I came across this riddle and it got me thinking:

First of all, the premise of a logic rave at “Learning Man” is just adorable. And I wished that more kids could be exposed to it.

Then I realized all of the challenges. How would I teach this in a classroom? Clearly, I should outline the problem. But then I would need to give the kids some time to think about it? How much time?

If you watch the video through, you’ll see that the solution requires a small flash of insight; a way of approaching the problem that unlocks it. How long would it take someone to come up with that? Clearly some people are simply incapable of it and would never come up with it. In that case, forcing them to think about it would amount to extended mild child abuse. I encountered a problem similarly where a teacher proposed a riddle of this form and didn’t give us the answer. I had a dentist appointment during the following class and consequently missed the explanation. Too embarrassed to ask, I let it slide. I thought about it from time to time, but ultimately, I had to wait nearly fifteen years to come across the riddle in a YouTube video like this one to find the answer.

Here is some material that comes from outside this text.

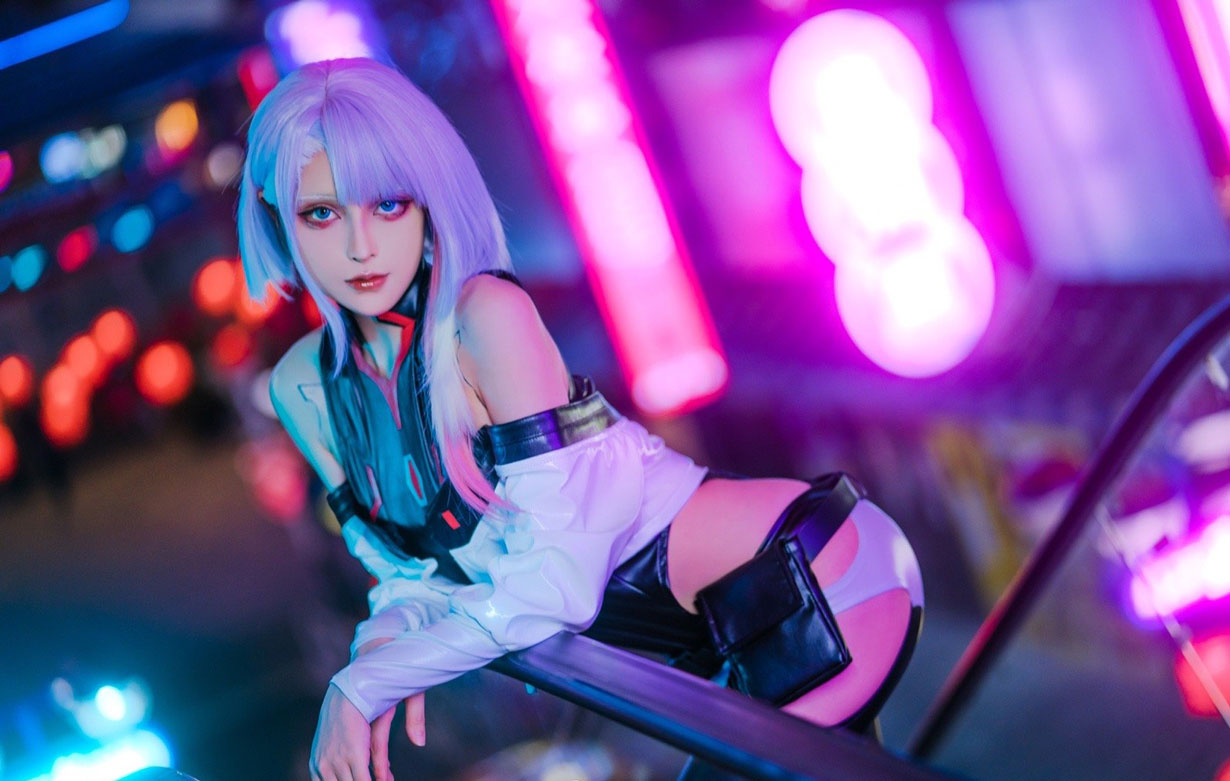 奶狮_《赛博朋克边缘行者》Lucy露西COS美图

So I started to understand why this wouldn’t find its way into a math class. First of all, the solution is oddly specific. It’s specific to this problem (the demon giving very little, but carefully selected bits of information) and it’s unclear how this strategy generalizes to a broader class of problem (what’s the real-word analogy of being let in a gate based on the colour of a mask you can’t see?) but also specific to the number of logicians. If there were one more or one fewer person involved, the solution wouldn’t work. Then I recall that I explain this to tutoring students all the time. In math we prefer methods of solving problems that are robust: they have to keep working even if the numbers get difficult — too large to count on the fingers, or ugly fractions or decimals. That’s why we avoid solutions based on the strategy of “guess and check” as much as possible.

I wonder if there is a way to incorporate problems like this. On the one hand, it expresses one of the fundamental principles of math in a fun way: that you can extract a lot more than you expect from very limited information. But they seem to have intrinsic time wasting properties that don’t fit with the timetable of modern school.